## Exercise aim
Using the data below, return word for word every line from the one holding "588 Imagine Dr, Lindale, TX 75771" down to the one holding "2011 Honda Accord". Leave pictures out.

## Study material
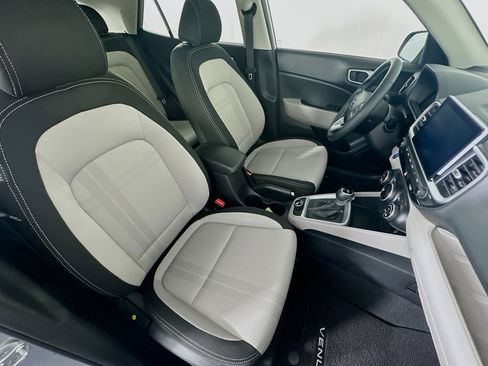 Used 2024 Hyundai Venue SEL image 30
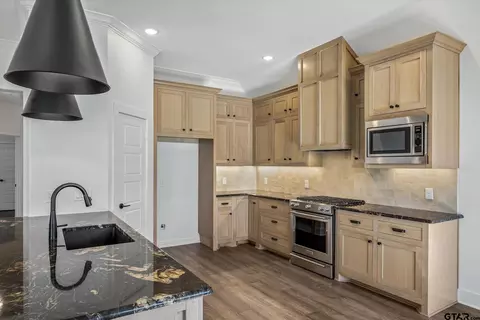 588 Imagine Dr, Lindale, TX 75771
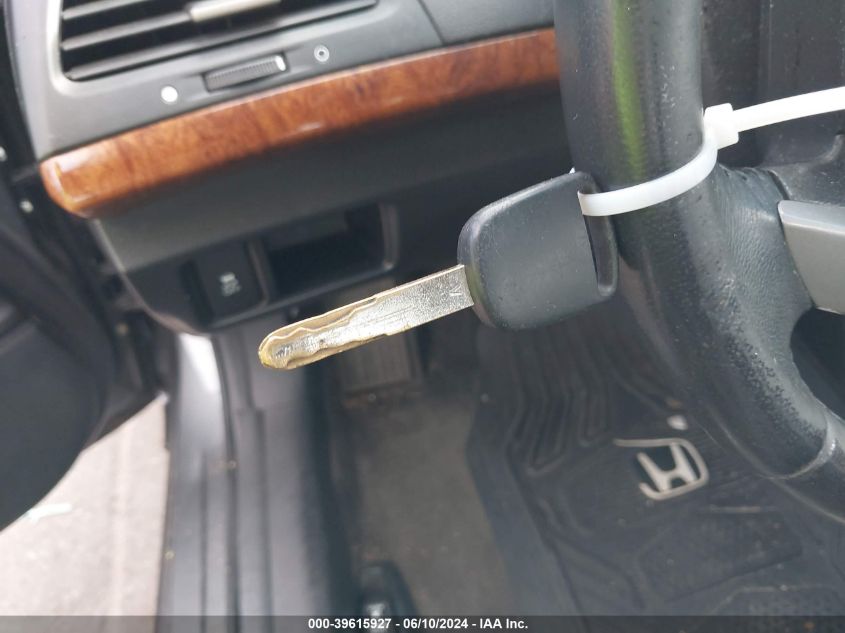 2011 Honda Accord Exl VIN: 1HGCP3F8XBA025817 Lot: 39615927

...

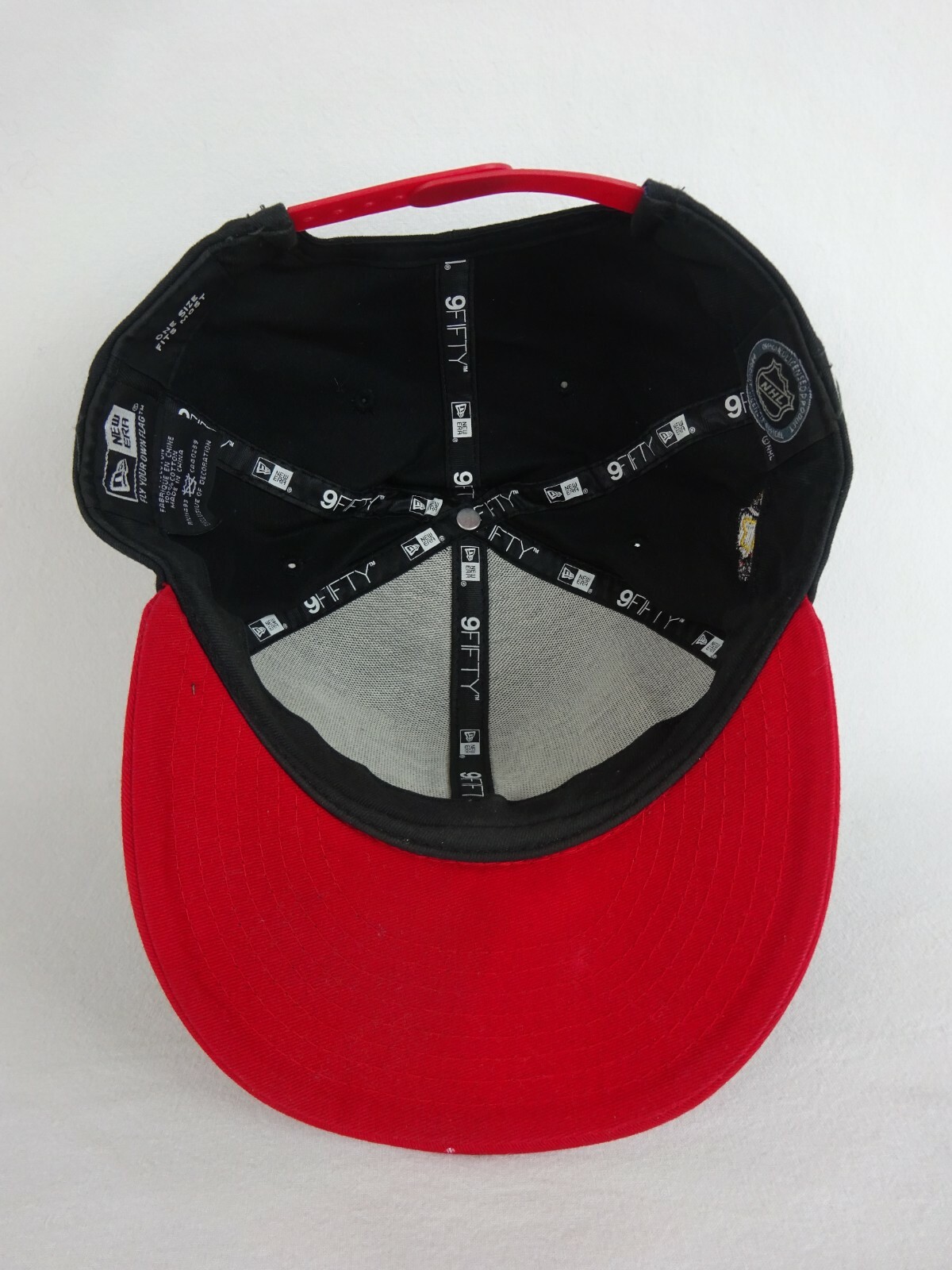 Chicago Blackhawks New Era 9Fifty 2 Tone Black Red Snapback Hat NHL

==

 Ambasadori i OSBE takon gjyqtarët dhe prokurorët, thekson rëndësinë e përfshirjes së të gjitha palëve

## Answer to the exercise
 588 Imagine Dr, Lindale, TX 75771
 2011 Honda Accord Exl VIN: 1HGCP3F8XBA025817 Lot: 39615927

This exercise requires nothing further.